What to do: Transcribe the whole listing exactly, but do not carry over its pictures.

* * *

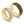 Carregar imagem no visualizador da galeria, Alianças de casamento em Ouro - Modelo “Amor eterno”
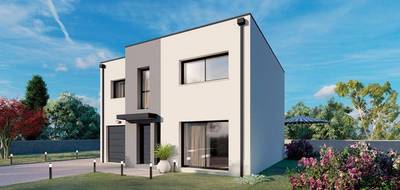 Terrain et maison à Aulnay-sous-Bois en Seine-Saint-Denis (93) de 202 m² à vendre au prix de 439900€ - 2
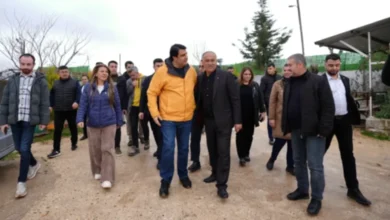 Yığınlı Mahallesi - Yığınlı'da Başkan Yılmaz: Vaatler ve Gerçekler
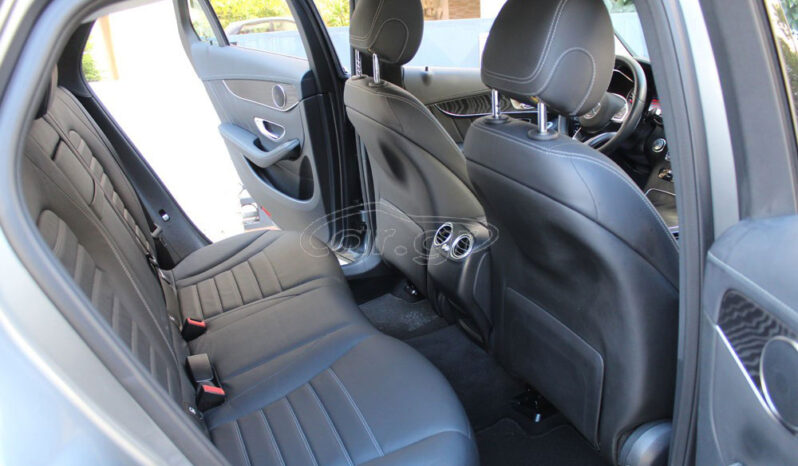 MERCEDES GLC 350e AMG LINE 326HP 4MATIC COUPE HYBRID PLUG IN full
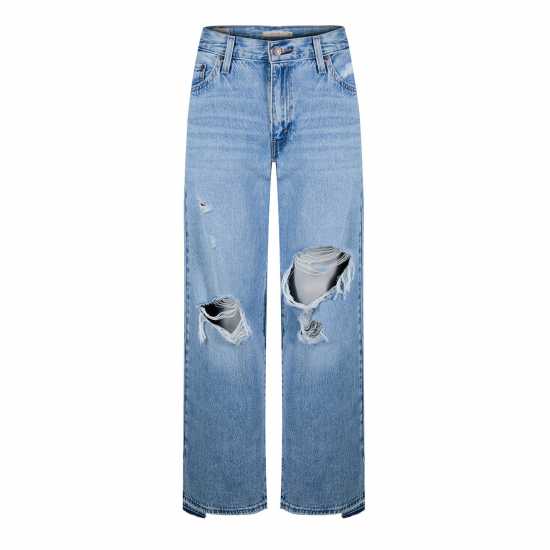 Levis Baggy Dad Jeans Ден на боклука 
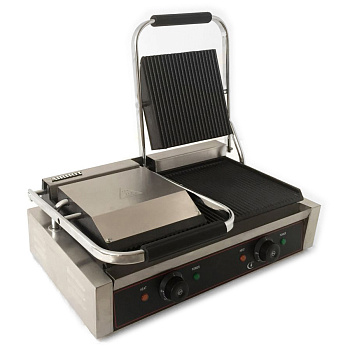  Гриль контактный Airhot DCG на сайте Белторгхолод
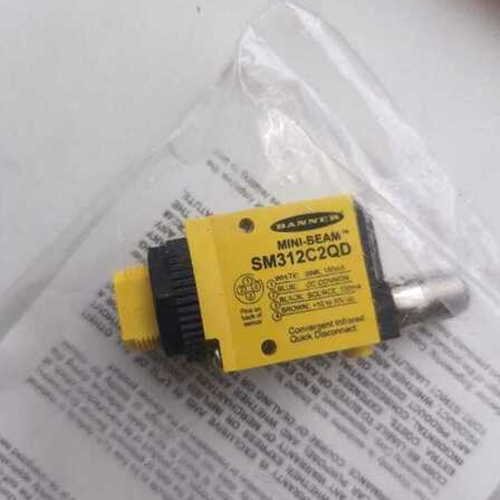 SM312C2QD Banner sensor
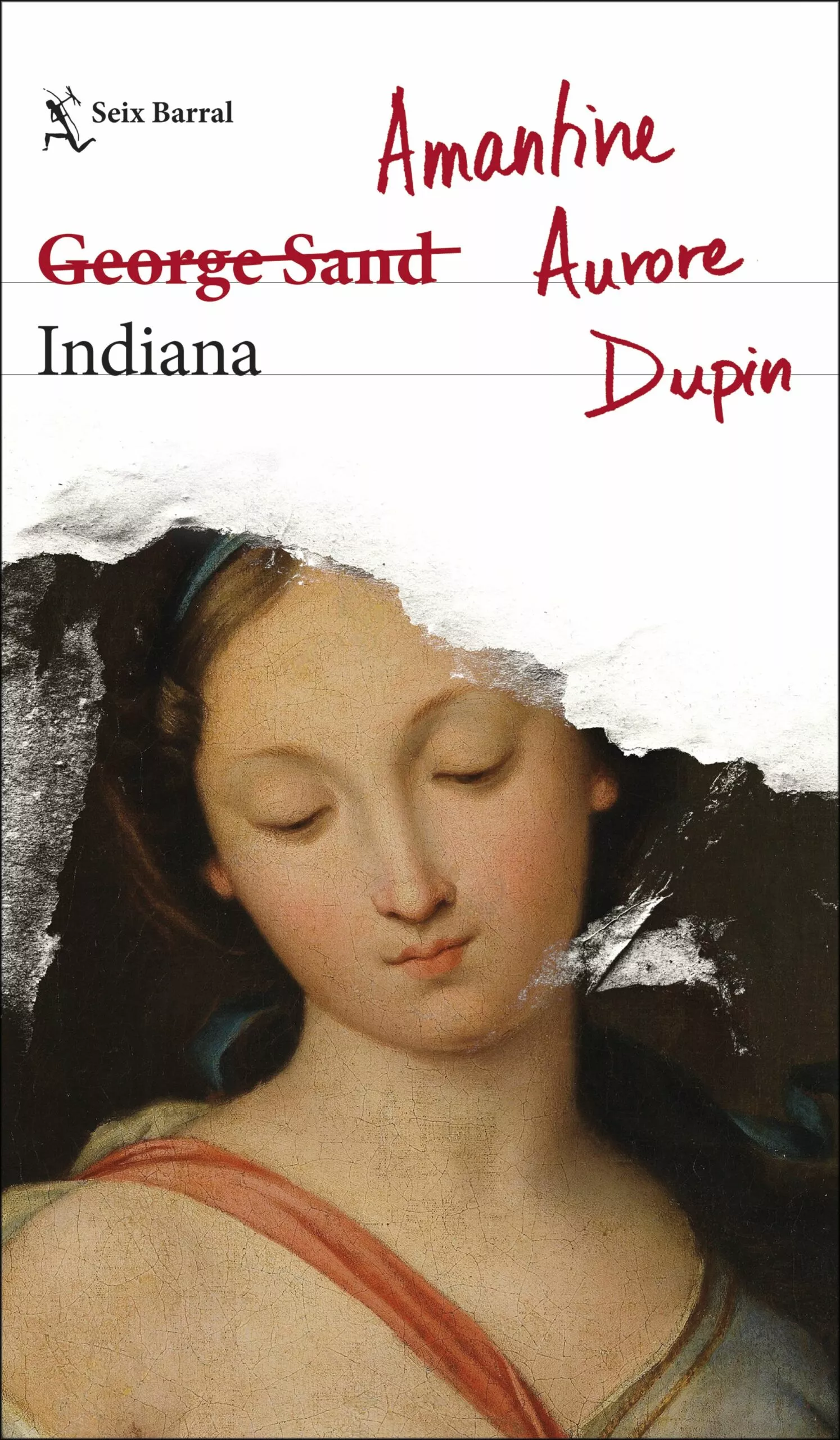 Portada del Libro Indiana de Amantine Aurore Dupin - 9788432236297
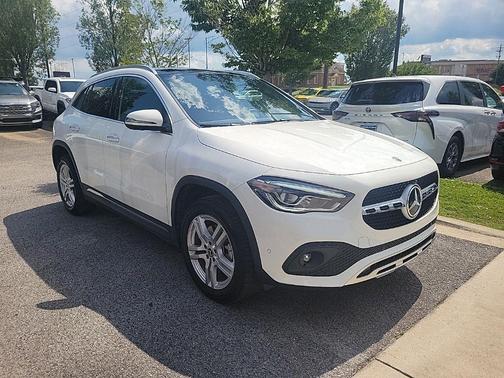 Polar White 2023 Mercedes-Benz GLA 250 Base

* * *

Written solution:
 Carregar imagem no visualizador da galeria, Alianças de casamento em Ouro - Modelo “Amor eterno”
 Terrain et maison à Aulnay-sous-Bois en Seine-Saint-Denis (93) de 202 m² à vendre au prix de 439900€ - 2
 Yığınlı Mahallesi - Yığınlı'da Başkan Yılmaz: Vaatler ve Gerçekler
 MERCEDES GLC 350e AMG LINE 326HP 4MATIC COUPE HYBRID PLUG IN full
 Levis Baggy Dad Jeans Ден на боклука 
  Гриль контактный Airhot DCG на сайте Белторгхолод
 SM312C2QD Banner sensor
 Portada del Libro Indiana de Amantine Aurore Dupin - 9788432236297
 Polar White 2023 Mercedes-Benz GLA 250 Base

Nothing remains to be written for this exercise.